## [Provided material]

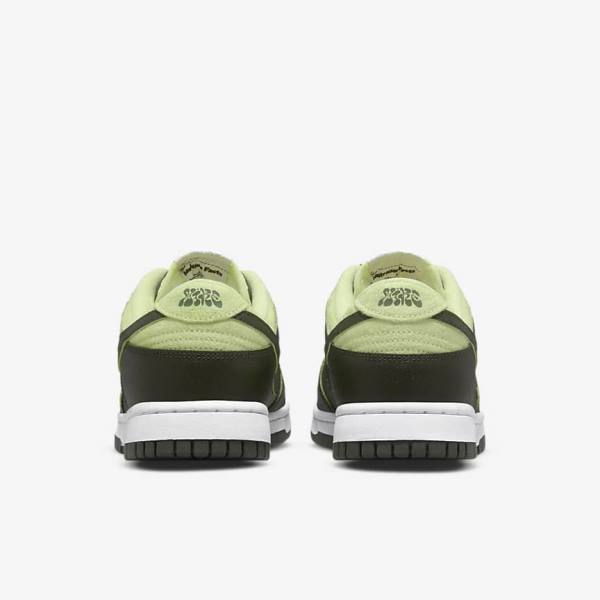 Women's Nike Dunk Low LX Sneakers Olive / Green | NK079SJC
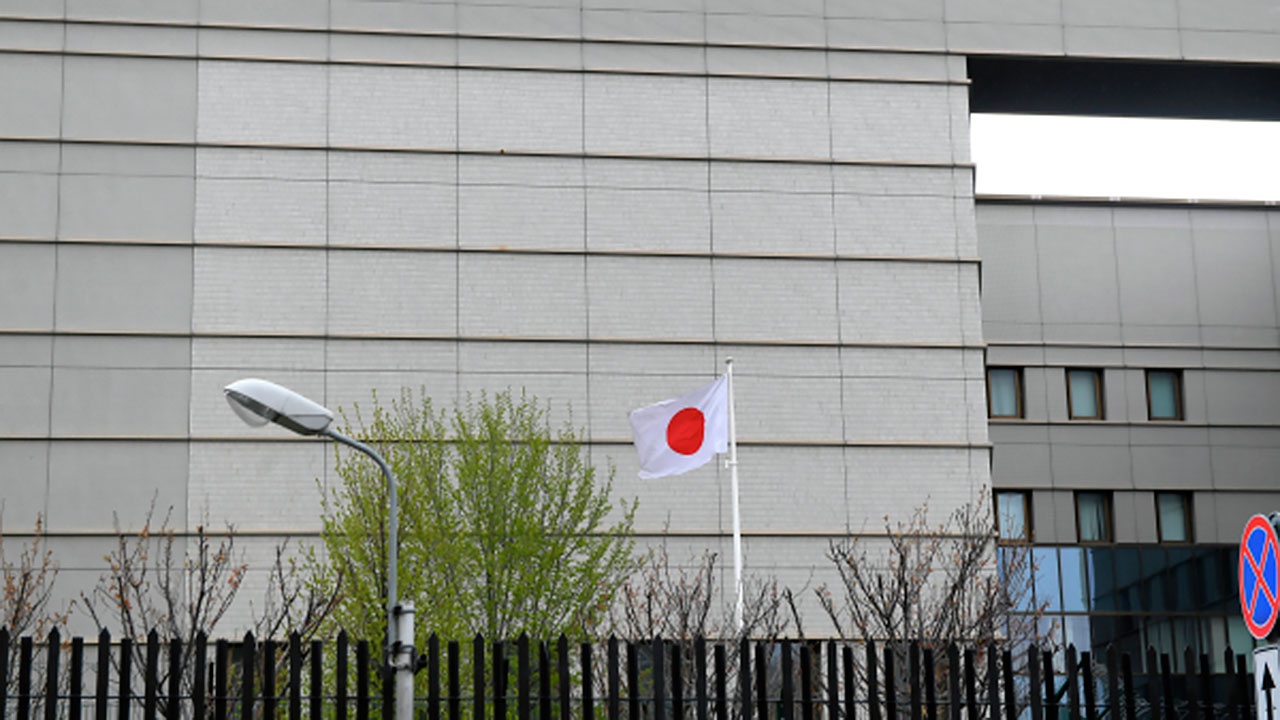 МИД РФ сообщил о высылке восьми сотрудников посольства Японии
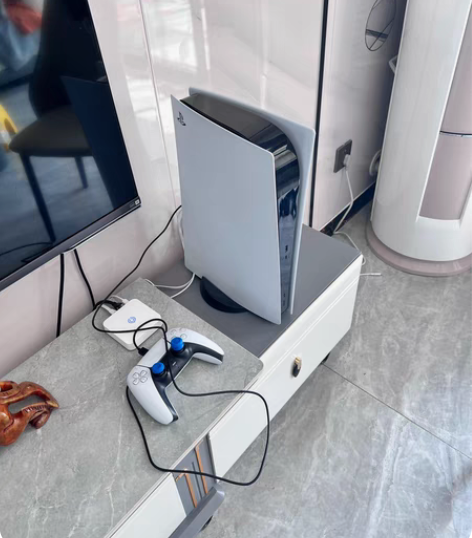 索尼ps5游戏机，购入时间不到半年，没时间...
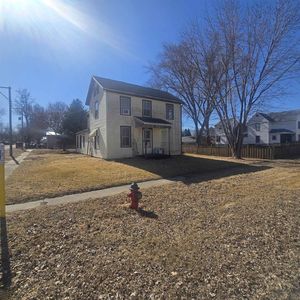 201 W 2nd St, Leaf River, IL, 61047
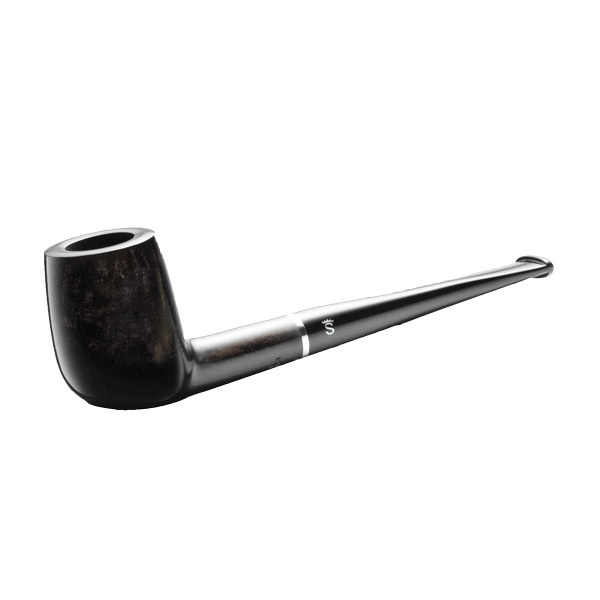 En næsten sort pibe af mørkt træ.
Pibehovedet er cylinder-formet med en blød afrunding i toppen. Vinklen mellem pibehoved og krop er næsten 90 grader, og mellem krop og mundstykke sidder en smal sølvring. Mundstykket er sort og spidser til for enden, som er omringet af en tynd forhøjning.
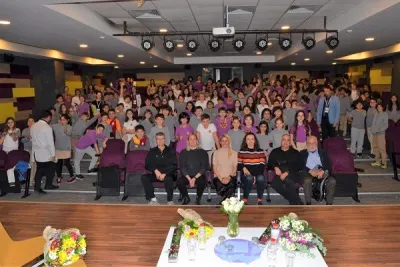 Voleybol Vakfı, Voleybol Efsanelerini Öğrencilerle Buluşturmaya Devam Ediyor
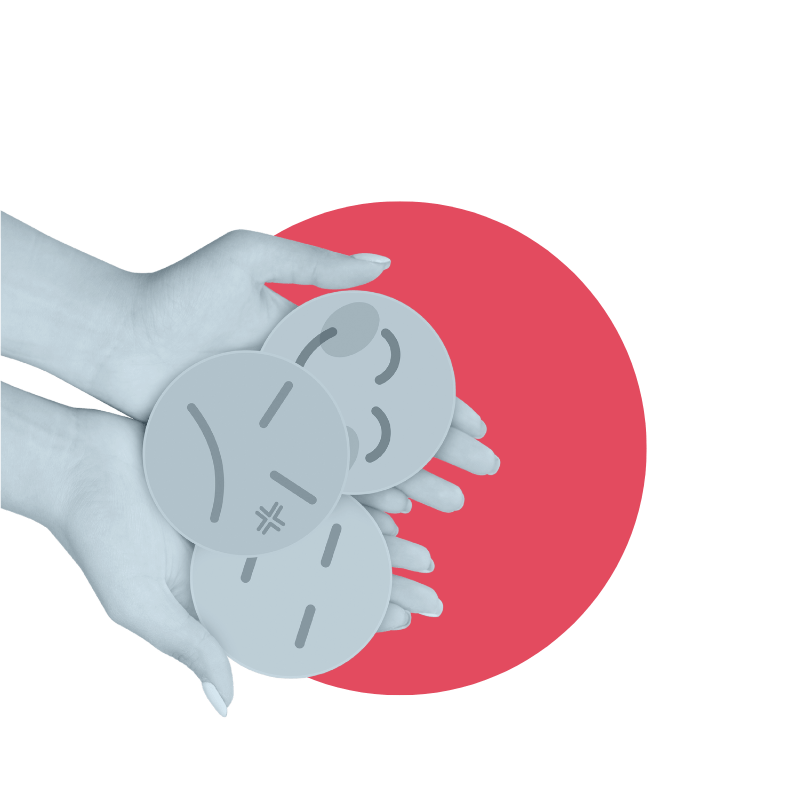 mains femme tenant emoji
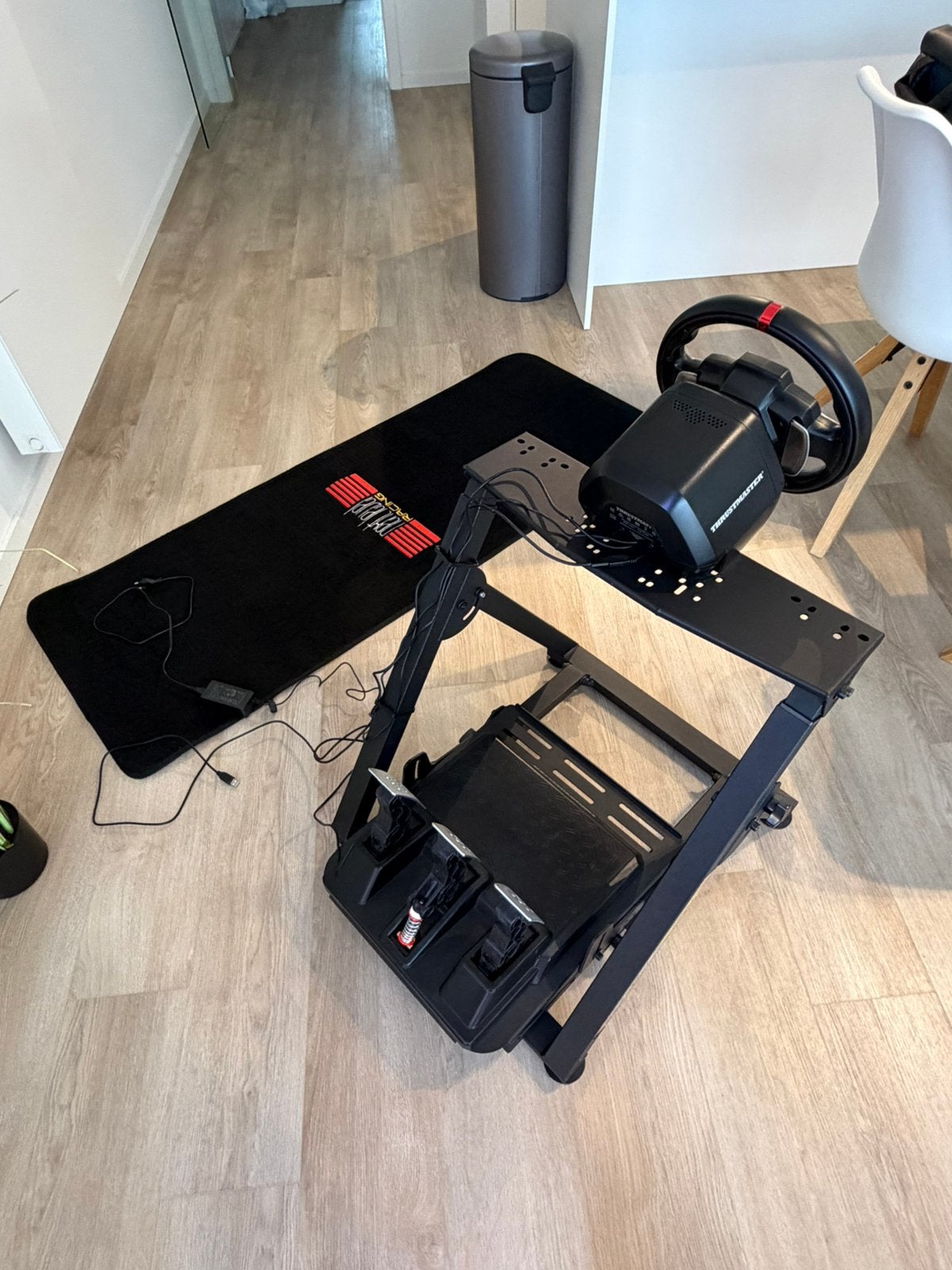 Thrustmaster T248 + T3PM + Racing Wheel Stand Lite, Games en Spelcomputers, Ophalen, Zo goed als nieuw, Stuurtje of Sportattribuut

## [What is expected]
Copy out only the lines beginning at the line with "索尼ps5游戏机，购入时间不到半年，没时间..." and ending at the last line of the entries. Keep them exact; drop pictures.

## [Answer space]
 索尼ps5游戏机，购入时间不到半年，没时间...
 201 W 2nd St, Leaf River, IL, 61047
 En næsten sort pibe af mørkt træ.
Pibehovedet er cylinder-formet med en blød afrunding i toppen. Vinklen mellem pibehoved og krop er næsten 90 grader, og mellem krop og mundstykke sidder en smal sølvring. Mundstykket er sort og spidser til for enden, som er omringet af en tynd forhøjning.
 Voleybol Vakfı, Voleybol Efsanelerini Öğrencilerle Buluşturmaya Devam Ediyor
 mains femme tenant emoji
 Thrustmaster T248 + T3PM + Racing Wheel Stand Lite, Games en Spelcomputers, Ophalen, Zo goed als nieuw, Stuurtje of Sportattribuut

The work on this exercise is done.